> [Exercise]
Only one stretch of the material below is wanted: everything from the line containing "Photo 2 VIN: WBXHT3C35H5F69142 - BMW X1" down to the line containing "Jesse blowing clouds", both ends included. Repeat it exactly and skip the pictures.

> [Records for this exercise]
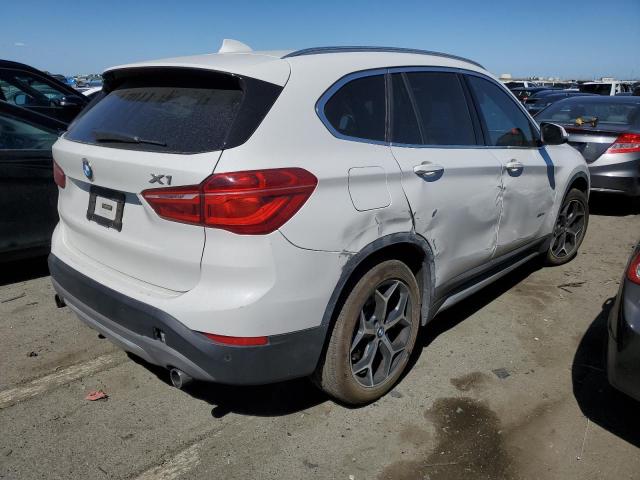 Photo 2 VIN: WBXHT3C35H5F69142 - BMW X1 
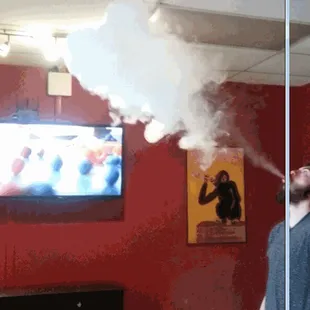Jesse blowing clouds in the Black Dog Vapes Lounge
* * *
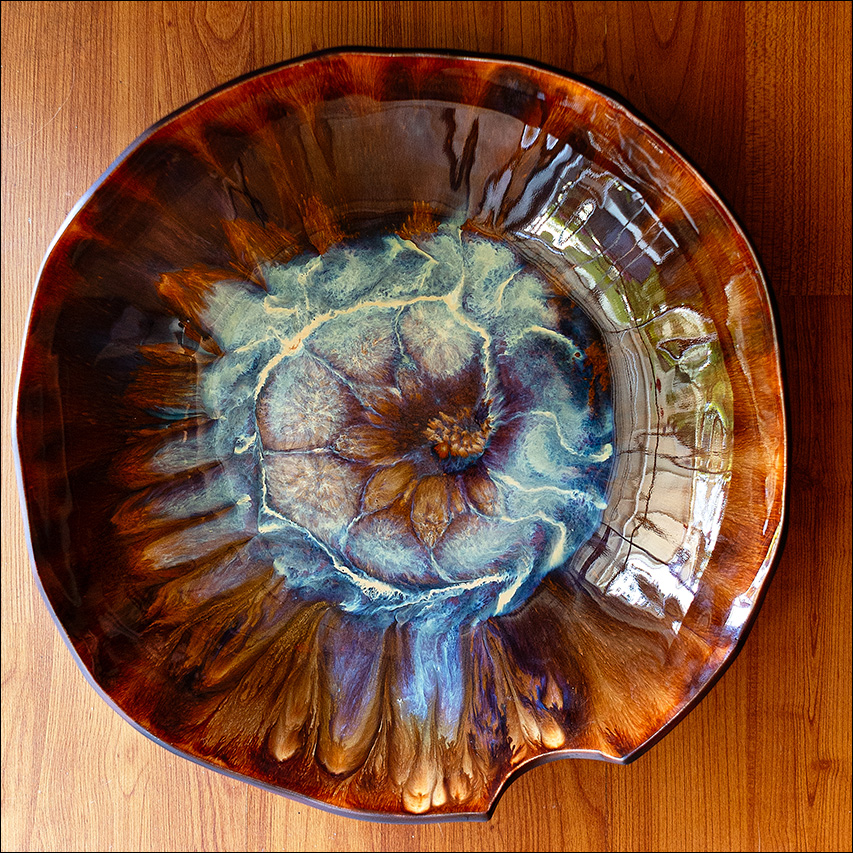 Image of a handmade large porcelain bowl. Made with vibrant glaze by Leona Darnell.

> [Reply]
 Photo 2 VIN: WBXHT3C35H5F69142 - BMW X1 
Jesse blowing clouds in the Black Dog Vapes Lounge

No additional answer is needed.